第23章 拗れた微熱は指先に溶けて《後編》* 石田三成
「あぁぁっっ………!」
その時、美依様が躰を痙攣させて、甘く喘いだ。
ああ、気をやったのだなとすぐに気づいたけれど、割と限界まできていた私は、後先も考えず……
「っ…ん………」
私自身も美依様の脚の間で欲を放った。
息を詰めて腰を震わせ、突き抜けるような快感に襲われてしまえば、美依様の脚がべっとりと汚れ。
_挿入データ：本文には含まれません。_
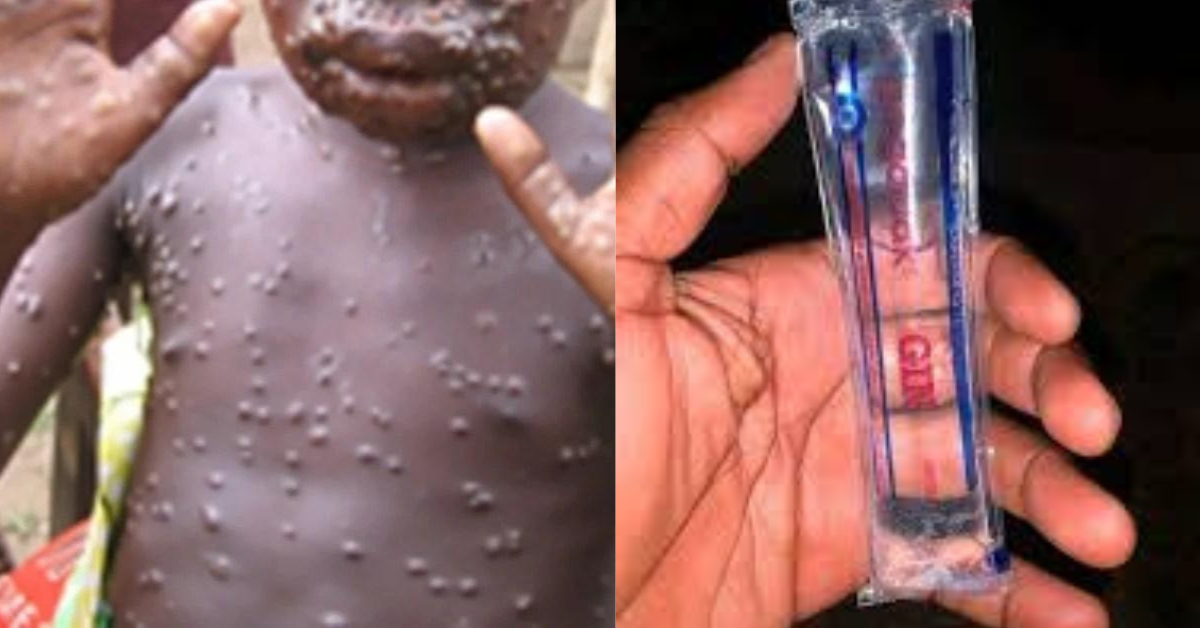 Ministry of Health Addresses Misinformation on Mpox Cure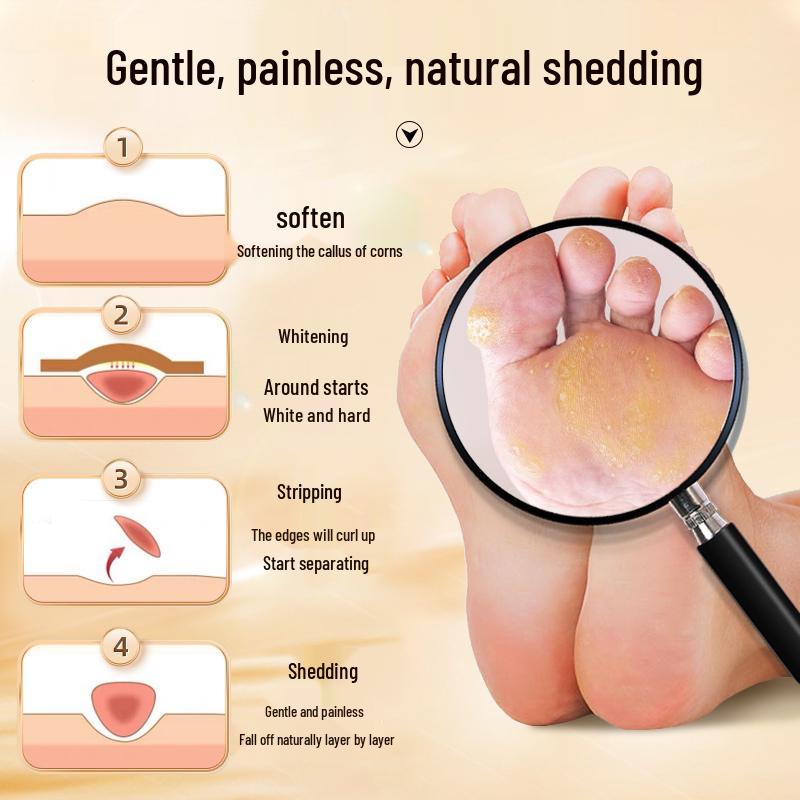 Corn Plaster & Ointment for Foot Calluses: Qingjianling Cream & Jiyoukang Patch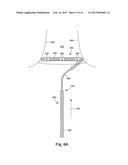 SYSTEMS AND METHODS FOR MAKING AND USING MEDICAL ABLATION SYSTEMS HAVING     MAPPING CATHETERS WITH IMPROVED ANCHORING ABILITY diagram and image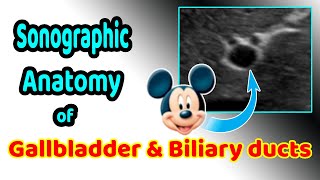 Sonographic anatomy of the gallbladder and biliary ducts [upl. by Eahsram]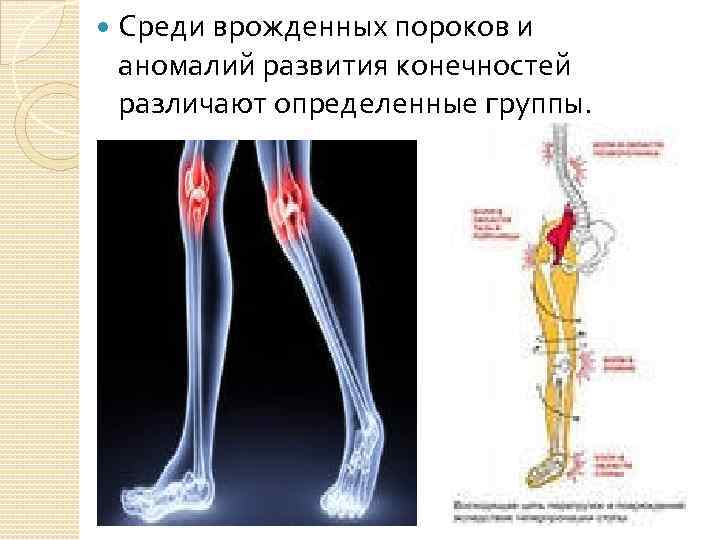  Среди врожденных пороков и аномалий развития конечностей различают определенные группы. 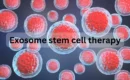 Exesome stem cells therpy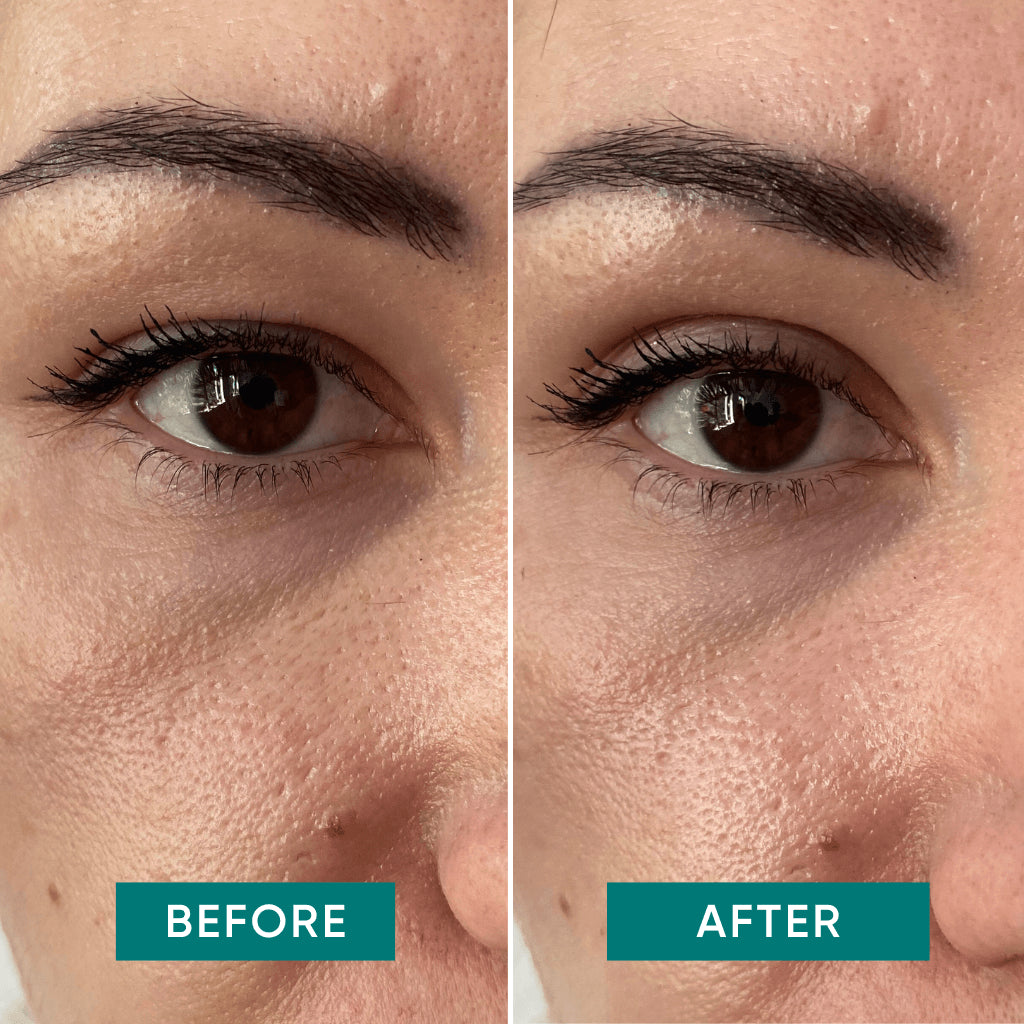 Apricot Eyelid Lifting Tapes – diskrete strips, der giver øjenlåget en øjeblikkelig løftende effekt for et friskere og mere åbent blik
男が吐精すれば汚してしまうとよく考えれば解るのに『一緒に果てたい』など馬鹿な事を言ったものだ。
(しまった…後の祭りか)
美依様と抱き合い、荒い息を一緒に整えながら視線を絡ませる。
私の考えていることを察したのか、美依様は赤い顔をしながら困ったように笑い……
『気持ち良かったね』と可愛らしい声で言った。
「……着替えますか、お手伝いしますね」
「うん……ありがとう」
「さすがに秀吉様あたりに怒られてしまいます」
「ふふっ、そうかもね」
悪戯っぽい笑みに変わった貴女もまた可愛い。
私達は顔を見合わせ、また唇を重ねる。
想いを伝えるように、何度も触れ合わせながら……
満ちるような幸せに、胸がいっぱいになった。
昼下がり、気怠げな貴女と想いを交わす。
少し高い体温、焦げるような熱情を蕩かすような睦み合いは私達の関係をより一層強くさせた。
ただ、美依様は風邪を引いていて。
私は口づけたり何だりしていたのだから、その後どうなったかと言うと……
*****
「三成君、お粥作ってきたよー!」
「ありがとうございます、美依様」
褥から上半身を起こすと、美依様がご機嫌の様子で粥を運んできた。
その嬉しそうな姿に若干苦笑してしまうが……
今は体の中に入っている厄を取り除くのが先決だろう。
美依様はあれからすぐに全快し、やっと日常が戻る……と思いきや、今度は私が風邪を引いた。
完全に美依様のが移ったと思われる。
まあ、あれだけ触れ合っていれば当然だし『大丈夫です』の言葉が嘘になってしまって、それは少し申し訳ない。
逆に美依様は私の世話が焼けると上機嫌であるけれど。
張り切る姿が可愛いなぁなんて、結局は何をしていても愛しく思ってしまうのだ。